Myth #4: Writers Are Solitude Masters
The lobstermen I grew up watching always seemed comfortable alone: one captain with his vessel, salt air in the sails, industrious in wild quiet. It’s a romantic image, but not one I’ve entirely adopted. Being a writer does involve solitude—I often joke my knuckles might fuse to my keyboard if I’m not careful—but solitude also whispers something dangerous. It can isolate you, in writing and relationships alike.
So, let’s set the record straight. Writers need people. We need awkward conversations at coffee shops that birth dialogue ideas. We need early readers (our cheerleaders and critics) and emotional grounding. Once, while drafting a chapter about drifting friendships, my best friend invited me to join a last-minute game night. I went, reluctantly, only to realize the way my characters were navigating their relationships didn’t ring authentic until I’d relearned it for myself. Lived connections fuel what we recreate on the page—as long as we’re willing to step away.

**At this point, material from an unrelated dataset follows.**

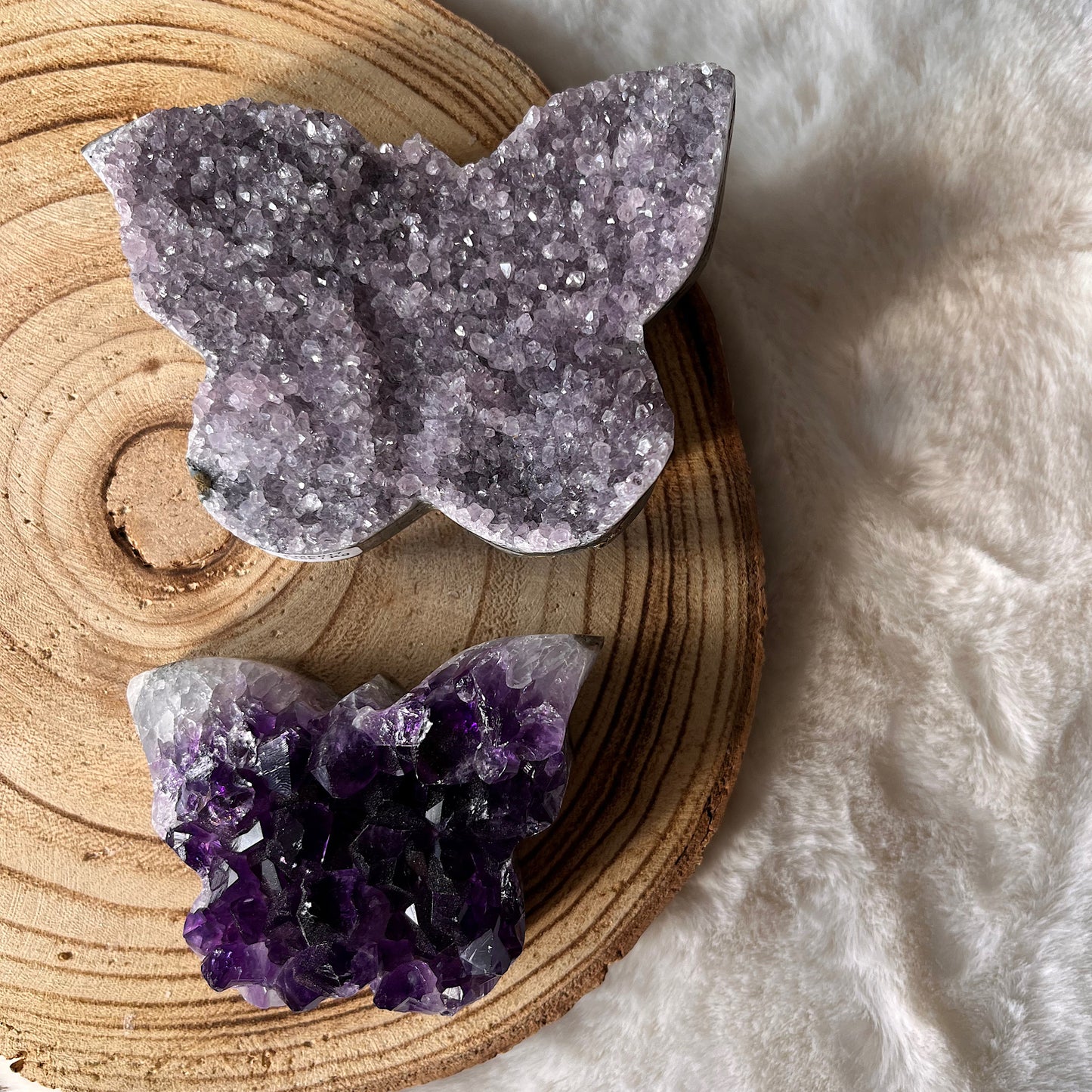 Amethyst Schmetterling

Myth #5: Writers Lead Glamorous Lives
Let me set the scene: I’m hunched over a laptop, gazing at last week’s first draft too ashamed to call anything but drivel. My houseplants mock me from the windowsill, desperate for water. Half my tea is cold, and there’s a collection of caramel wrappers by my cup. Glamour? I’d settle for a solid outline.
To outsiders, writers seem swanky. Book signings! Fancy pens! Headshots in dramatic lighting! It’s true I’ve had my share of lovely evenings, glass of Chardonnay in hand, recounting the “art” behind my latest work to a polite audience in Kennebunk’s coziest bookstore. But the image ignores that writing, like relationships, is built more on everyday grit than glittering accolades. It’s far less sleek and far more rewarding than it looks on social media.

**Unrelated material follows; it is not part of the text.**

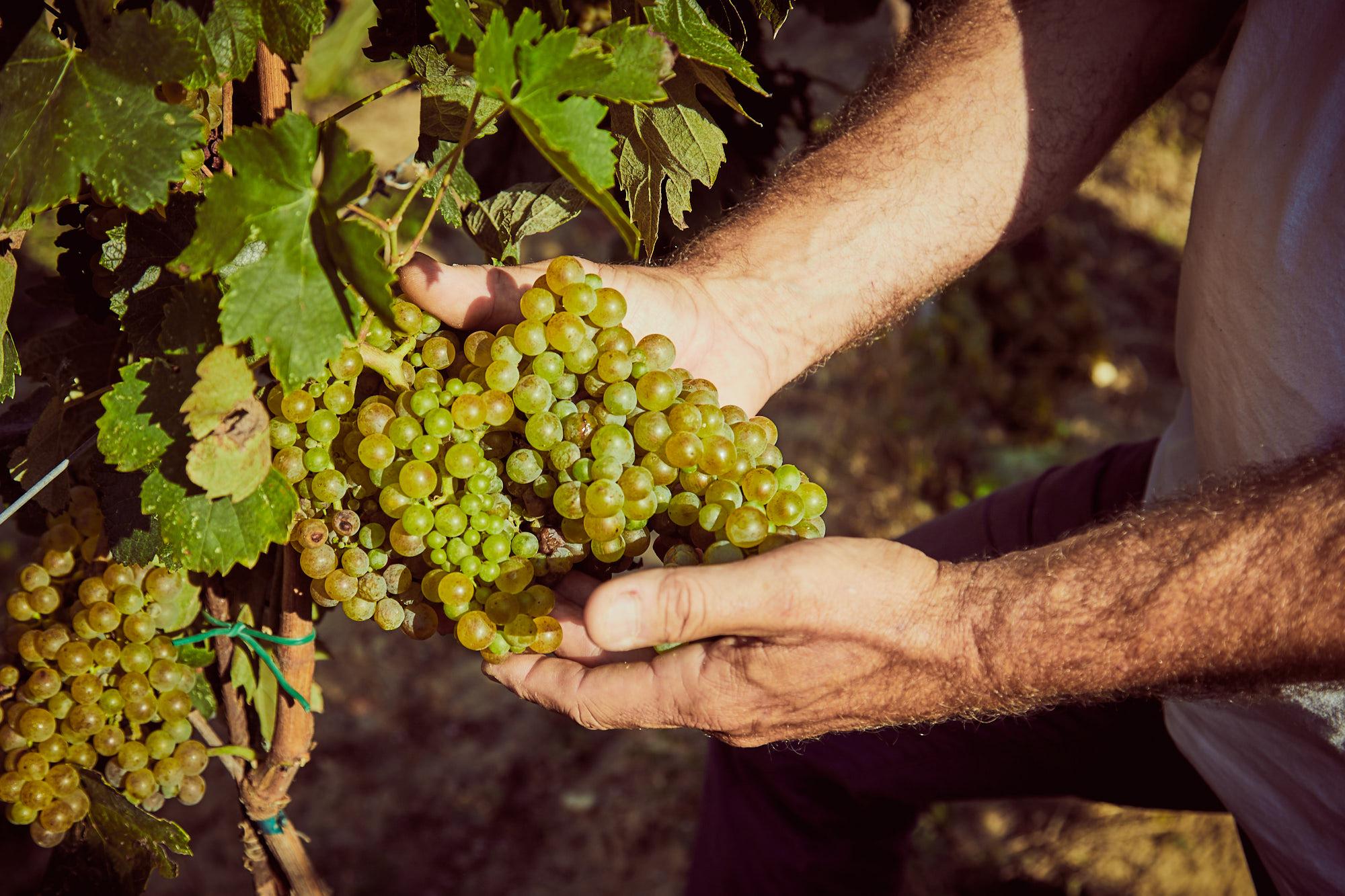 Oogst van Incrocio Manzoni 6.0.13 druiven in de ochtendzon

The Truth: Writing is a Process, Not a Pretense
Here’s the thing I wish more people knew about being a writer: it’s not a high-wire act but a plodding kind of craftsmanship. Sure, I believe in beauty, the kind found in rhythmic sentences or the first crack of dialogue that feels alive. I love taping inspiration to coastal Maine landscapes or tracing tide-washed metaphors. But the beauty we savor—whether in writing or relationships—is built through patience and curiosity.
Curious about what a writer does all day? Picture all the mundane little habits: notebooks stuffed with scratchy notes, long walks to untangle plot holes, mornings dedicated to editing merely two paragraphs. Writing isn’t some grand creative whoosh; it’s committing to shows of ordinary joy.
If you’re still tempted to call it glamorous, meet me at my kitchen table. Bring tea. If I look frazzled, congratulations: you’ve captured a writer’s true habitat.